Ethereum Dominates 50% of Stablecoin Market as Bank of America Highlights its Role

Generated by AI AgentCoin World
Tuesday, Jul 15, 2025 11:38 am ET1min read

Bank of America has recently launched a new weekly report titled “On Chain,” which focuses on the evolving digital assets ecosystem. This report has brought

into the spotlight, highlighting its significant role in the stablecoin market. Ethereum is home to over 50% of all dollar-pegged coins, making it a prime target for big banks and asset managers looking to gain exposure to stablecoins.

The report comes at a crucial time as lawmakers in Washington are debating several crypto bills in Congress. These bills, including the GENIUS Act, the CLARITY Act, and the Anti-CBDC Surveillance bill, could reshape the stablecoin sector. House Financial Services Chair French Hill has expressed that clear rules from Congress could solidify the US dollar’s global lead and attract fresh inflows into the stablecoin market.
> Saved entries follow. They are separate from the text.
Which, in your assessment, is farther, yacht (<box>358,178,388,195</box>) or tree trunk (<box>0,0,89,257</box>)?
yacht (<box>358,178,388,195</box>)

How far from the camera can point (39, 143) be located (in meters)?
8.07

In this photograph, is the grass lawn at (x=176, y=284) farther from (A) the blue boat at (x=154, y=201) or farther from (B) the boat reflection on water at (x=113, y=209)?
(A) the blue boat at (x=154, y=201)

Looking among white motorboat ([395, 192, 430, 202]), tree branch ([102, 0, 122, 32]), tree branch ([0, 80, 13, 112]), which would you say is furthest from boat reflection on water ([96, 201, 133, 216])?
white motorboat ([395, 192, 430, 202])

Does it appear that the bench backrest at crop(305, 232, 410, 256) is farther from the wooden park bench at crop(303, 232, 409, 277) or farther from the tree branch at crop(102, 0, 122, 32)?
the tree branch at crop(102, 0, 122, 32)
Bank of America’s report identifies infrastructure providers like Stripe and the Ethereum network as key players for stablecoin exposure. This recognition is not just for the token itself but for the entire ecosystem built on Ethereum, including wallets, apps, and payment tools. Investors who acquire Ether now could benefit from the growing on-chain activity as stablecoin use increases.
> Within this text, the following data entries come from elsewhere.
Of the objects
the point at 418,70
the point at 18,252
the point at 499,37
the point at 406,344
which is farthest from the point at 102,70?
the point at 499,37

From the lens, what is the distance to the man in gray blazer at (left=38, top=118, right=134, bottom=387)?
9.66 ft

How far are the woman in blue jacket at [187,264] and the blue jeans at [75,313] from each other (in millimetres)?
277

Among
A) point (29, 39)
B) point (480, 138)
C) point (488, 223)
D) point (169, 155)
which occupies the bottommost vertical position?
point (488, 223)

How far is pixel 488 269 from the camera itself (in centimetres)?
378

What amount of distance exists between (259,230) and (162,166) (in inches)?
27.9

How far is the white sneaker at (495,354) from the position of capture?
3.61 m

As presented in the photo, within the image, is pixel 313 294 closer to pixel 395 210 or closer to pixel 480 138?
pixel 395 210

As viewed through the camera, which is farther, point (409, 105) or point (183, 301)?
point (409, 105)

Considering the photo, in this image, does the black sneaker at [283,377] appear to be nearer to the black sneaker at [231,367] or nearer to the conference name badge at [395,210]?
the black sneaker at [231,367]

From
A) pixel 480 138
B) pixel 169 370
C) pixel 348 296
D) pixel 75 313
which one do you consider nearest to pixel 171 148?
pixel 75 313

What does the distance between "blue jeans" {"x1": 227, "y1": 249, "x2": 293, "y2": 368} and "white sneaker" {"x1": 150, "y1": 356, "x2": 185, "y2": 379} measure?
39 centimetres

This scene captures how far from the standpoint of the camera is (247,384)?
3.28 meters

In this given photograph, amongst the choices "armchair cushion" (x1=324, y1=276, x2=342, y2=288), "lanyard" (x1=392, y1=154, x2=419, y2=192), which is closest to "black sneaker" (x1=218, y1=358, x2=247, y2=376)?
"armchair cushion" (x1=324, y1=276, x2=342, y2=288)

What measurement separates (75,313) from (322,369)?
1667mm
According to the report, Treasury Secretary Scott Bessent has predicted that the dollar-pegged stablecoin market could reach $2 trillion in the next five years. This forecast has caught the attention of fund managers, with some already holding Ether in their treasuries. Thomas Lee, Fundstart CIO and new chairman of BitMine, has even compared stablecoins to the “ChatGPT of crypto,” indicating the potential for significant growth in this sector.

Other sectors are also racing alongside stablecoins.

CEO Larry Fink has suggested that tokenization could expand significantly over time, with on-chain assets tied to real-world items booming soon. While some see XRP and Ether as go-to tokens for this play, Ethereum already has the advantage of scale. However, regulation and competition from new networks could pose challenges to Ethereum’s lead. Despite these potential hurdles, Ethereum’s mix of smart-contract tools and high stablecoin volumes gives it a strong head start.

For now, the focus is on Congress and on-chain data. If US lawmakers set clear stablecoin rules, Ethereum may maintain its position as the top hub for stablecoins. Investors looking for exposure will likely track Ether flows and monitor the progress of these bills as they move through committee. The coming weeks could determine the next big chapter for the Ethereum network.